Di Favelli sono esposte «Black&Ivory (2024), una scultura composta da piccoli mobili assemblati; «Fondazza» (2026), dipinto nei toni dell’azzurro su una cassetta che conteneva bottiglie di spumante; «soft arancio» (2026), una vecchia scatola di Oransoda assemblata con altri materiali, oltre a «Rosso Antico» (2025), realizzata con una vecchia confezione di birra, e «San Vitale» (2026). Denominatore comune è un immaginario incentrato sulla cultura di massa, in cui convergono suggestioni e ricordi personali. Nello spazio sotterraneo della Cisterna di Palazzo Maccafani, è visibile il video inedito «Bologna Centrale» (2026). Un “racconto catartico” che copre un arco cronologico trentennale, a partire dal ‘74, durante il quale si avvicendano storie e ricordi personali legati al periodo in cui l’artista ha vissuto il quartiere di Santo Stefano a Bologna.
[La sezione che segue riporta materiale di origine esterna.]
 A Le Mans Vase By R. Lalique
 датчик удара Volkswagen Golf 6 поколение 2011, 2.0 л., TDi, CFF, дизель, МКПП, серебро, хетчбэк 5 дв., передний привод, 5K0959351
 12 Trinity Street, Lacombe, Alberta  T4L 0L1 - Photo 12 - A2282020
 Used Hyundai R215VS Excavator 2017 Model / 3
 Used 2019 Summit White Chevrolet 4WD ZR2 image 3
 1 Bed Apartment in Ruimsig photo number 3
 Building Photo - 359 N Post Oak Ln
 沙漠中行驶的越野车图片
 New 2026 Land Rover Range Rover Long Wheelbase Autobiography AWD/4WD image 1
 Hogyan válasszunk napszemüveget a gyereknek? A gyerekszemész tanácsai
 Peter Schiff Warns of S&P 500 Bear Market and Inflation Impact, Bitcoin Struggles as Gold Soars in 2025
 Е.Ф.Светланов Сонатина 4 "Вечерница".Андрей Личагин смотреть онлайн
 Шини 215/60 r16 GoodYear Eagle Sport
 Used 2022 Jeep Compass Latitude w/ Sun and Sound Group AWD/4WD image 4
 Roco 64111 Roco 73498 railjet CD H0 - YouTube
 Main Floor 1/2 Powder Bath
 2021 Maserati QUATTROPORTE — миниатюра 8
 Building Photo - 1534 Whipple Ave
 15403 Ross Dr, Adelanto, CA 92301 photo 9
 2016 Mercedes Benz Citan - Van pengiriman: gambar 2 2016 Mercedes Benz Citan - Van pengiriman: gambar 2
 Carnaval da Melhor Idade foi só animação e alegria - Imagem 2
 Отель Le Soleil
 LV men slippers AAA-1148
Le opere di Favelli provengono dallo Studio SALES e hanno un valore che oscilla tra i 7.000 e i 15.000 euro, mentre quelle di Montessori, rappresentata dalla galleria Monitor, hanno quotazioni che vanno dai 2.500 euro a 65.000 euro.
Dell’artista genovese, è esposta una scultura ambientale inedita, «Labirinto» (1989), un rotolo di cartone di oltre 30 metri, interamente dipinto, allestito secondo un andamento spiraliforme. Una riflessione sul tempo e la memoria che si dispiegano e si stratificano nel presente, analizzato e conosciuto attraverso la pratica pittorica e il raffinato segno grafico, proprio dell’artista. Un poetico paesaggio, fisico e mentale, in cui immergersi per scorgere inediti orizzonti. In mostra anche piccole ceramiche dipinte che riproducono scarpe femminili dallo stile rétro, realizzate insieme alla ceramista Elisabetta Seber, riconducibili all’impegno per l’emancipazione femminile.